What is a Binary tree?

A so-called binary tree is a data structure in which each element, also called node, has a maximum of two successors. The addresses of the subordinate nodes are kept track of by pointers. It is often used when data is to be stored in RAM.

What is a B-tree?

The B-tree is often used in databases and file systems, i.e. for storage on the hard disk. The tree is sorted and completely balanced. The data is stored sorted by keys. The keys are stored in its internal nodes, but need not be stored in the records at the leaves. CRUD functions run in amortized logarithmic time.

The B-tree is classified into different types according to its properties.
In the B+ tree, only copies of the keys are stored in the internal nodes. The keys are stored with the data in the leaves. To speed up sequential access, these also contain pointers to the next leaf node and are thus concatenated.
In the following scheme you see a basic B+ tree structure.
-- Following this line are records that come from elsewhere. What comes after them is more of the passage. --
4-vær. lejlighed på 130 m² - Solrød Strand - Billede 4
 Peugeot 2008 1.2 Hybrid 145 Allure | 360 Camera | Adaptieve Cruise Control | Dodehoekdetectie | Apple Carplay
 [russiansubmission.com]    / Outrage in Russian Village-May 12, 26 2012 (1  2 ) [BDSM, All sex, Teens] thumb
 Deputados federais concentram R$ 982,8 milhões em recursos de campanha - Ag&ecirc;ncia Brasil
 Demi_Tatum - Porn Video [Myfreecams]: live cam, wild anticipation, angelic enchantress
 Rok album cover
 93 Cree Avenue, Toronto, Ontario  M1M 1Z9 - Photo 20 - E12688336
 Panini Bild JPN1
Basic representation of a b+ tree and its components — Basic b+ tree structure

The B* tree is an index structure where non-root nodes must be at least 2/3 filled. This is achieved by a modified split strategy.
In addition to indexing, partitioning also offers you the possibility of strongly optimizing the data search within a database. In this article we introduce you to this technique.

What is a SkipList?

The SkipList resembles in its structure a linked list consisting of containers, which contain the data with a unique key and a pointer to the following container. In a SkipList, however, the containers have different heights and can contain pointers to containers that do not follow directly. The idea is to speed up the search by additional pointers.

schematic representation of an index structure of the SkipList — Schematic representation of a SkipList

Calculation of the container height

All nodes have pointers on different levels. Keys can be skipped with it. The height of the list elements is calculated either regularly, or unbalanced according to mathematical rules. The search is however dependent on the list emergence or evenly randomly over the list.